Reputation: 43
This is the error message I got
Traceback (most recent call last):
File "/home/xxx/Documents/program/test.py", line 27, in <module>
model.load_weights('models/model.h5')
File "/home/xxx/Documents/program/venv/lib/python3.6/site-packages/tensorflow/python/keras/engine/network.py", line 1391, in load_weights
saving.load_weights_from_hdf5_group(f, self.layers)
File "/home/xxx/Documents/program/venv/lib/python3.6/site-packages/tensorflow/python/keras/engine/saving.py", line 732, in load_weights_from_hdf5_group
' layers.')
ValueError: You are trying to load a weight file containing 2 layers into a model with 0 layers.
From this minimal example that produces the error
from tensorflow import keras
from data import get_data
X_train, y_train, X_val, y_val = get_data() # get some train and val data
model = keras.Sequential()
model.add(keras.layers.Dense(64, activation='relu'))
model.add(keras.layers.Dense(7, activation='softmax'))
model.compile(
optimizer=keras.optimizers.Adam(1e-4),
loss='categorical_crossentropy',
metrics=['accuracy']
)
model.fit(
x=X_train,
y=y_train,
batch_size=500,
epochs=200,
verbose=2,
validation_data=(X_val, y_val)
)
model.save_weights('models/model.h5')
model.load_weights('models/model.h5')
Directly running this does not produce the error. However, when I run the program for a second time commenting out the training part (from line 10 to 25) trying to load the weights, it gives me this error.
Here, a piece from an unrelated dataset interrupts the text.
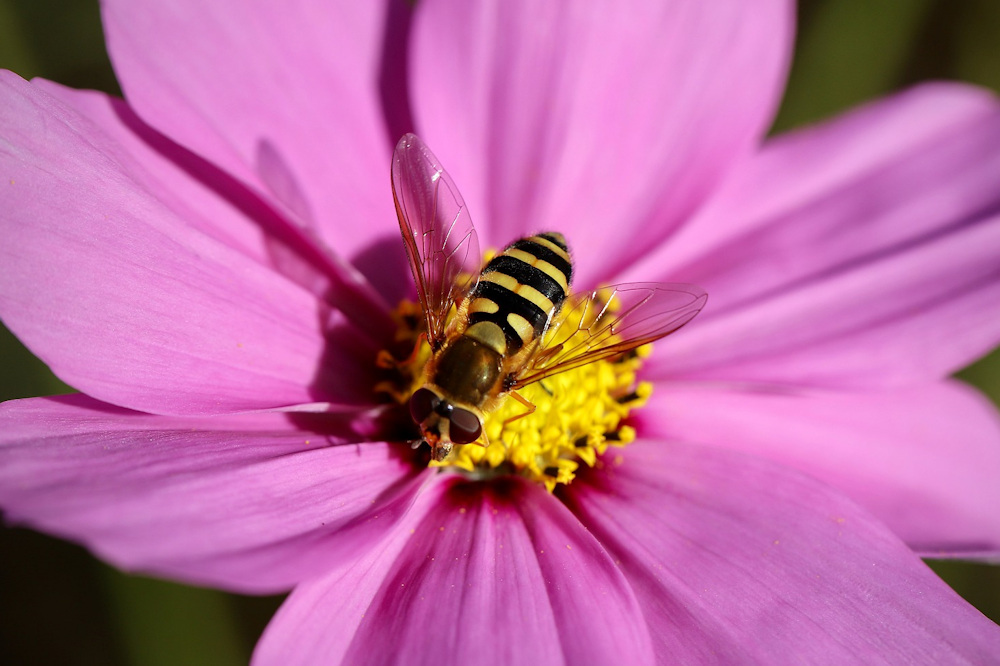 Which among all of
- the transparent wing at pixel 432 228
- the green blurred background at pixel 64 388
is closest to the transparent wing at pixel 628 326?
the transparent wing at pixel 432 228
I am using Tensorflow 1.9.0 and the built-in Keras.
Upvotes: 0
Views: 1750
Reputation: 179
As mentioned above, there seems to be a bug in keras sequential mode: https://github.com/keras-team/keras/issues/10417.
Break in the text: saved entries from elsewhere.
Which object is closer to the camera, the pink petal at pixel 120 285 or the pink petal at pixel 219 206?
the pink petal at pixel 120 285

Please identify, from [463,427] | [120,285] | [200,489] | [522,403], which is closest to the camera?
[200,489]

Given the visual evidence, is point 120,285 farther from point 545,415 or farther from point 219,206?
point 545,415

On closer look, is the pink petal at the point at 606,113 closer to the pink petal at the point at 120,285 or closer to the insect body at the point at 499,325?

However, you can get around this by using the Keras Functional API (you'll also find the Functional API much more useful when you're building trickier RNNs models with complicated I/O and tensor concatenations).
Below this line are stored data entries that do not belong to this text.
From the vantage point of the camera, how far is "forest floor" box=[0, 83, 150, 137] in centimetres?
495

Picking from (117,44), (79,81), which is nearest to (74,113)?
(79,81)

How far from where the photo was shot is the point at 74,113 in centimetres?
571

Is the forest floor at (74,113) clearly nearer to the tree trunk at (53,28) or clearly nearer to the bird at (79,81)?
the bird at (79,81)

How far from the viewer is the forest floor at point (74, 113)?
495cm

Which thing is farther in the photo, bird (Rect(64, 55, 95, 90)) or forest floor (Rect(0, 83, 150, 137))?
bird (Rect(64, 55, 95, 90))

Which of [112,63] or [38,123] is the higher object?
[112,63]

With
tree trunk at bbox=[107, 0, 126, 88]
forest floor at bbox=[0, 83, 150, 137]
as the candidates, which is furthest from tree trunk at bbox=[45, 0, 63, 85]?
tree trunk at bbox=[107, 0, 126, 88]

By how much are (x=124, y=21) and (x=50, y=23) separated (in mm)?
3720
The disadvantage of using model.save_weights()
method to save your neural network is that you have to invoke the model architecture before you load .h5
weights into the NN. If you instead save the whole model (both parameters AND architecture), you'll find that it's much easier to load trained model into a Python object. You can achieve this by using model.save()
method.
### TRAINING CODE
import tensorflow as tf
from sklearn.datasets import load_iris
from sklearn.model_selection import train_test_split
# some data
iris = load_iris()
X, y = iris.data, iris.target
X_train, X_val, y_train, y_val = train_test_split(X, y, test_size=0.2)
y_train_oh = tf.keras.utils.to_categorical(y_train)
y_val_oh = tf.keras.utils.to_categorical(y_val)
# Keras Functional API
x = tf.keras.Input(shape=(4,))
dense = tf.keras.layers.Dense(64, activation='relu')(x)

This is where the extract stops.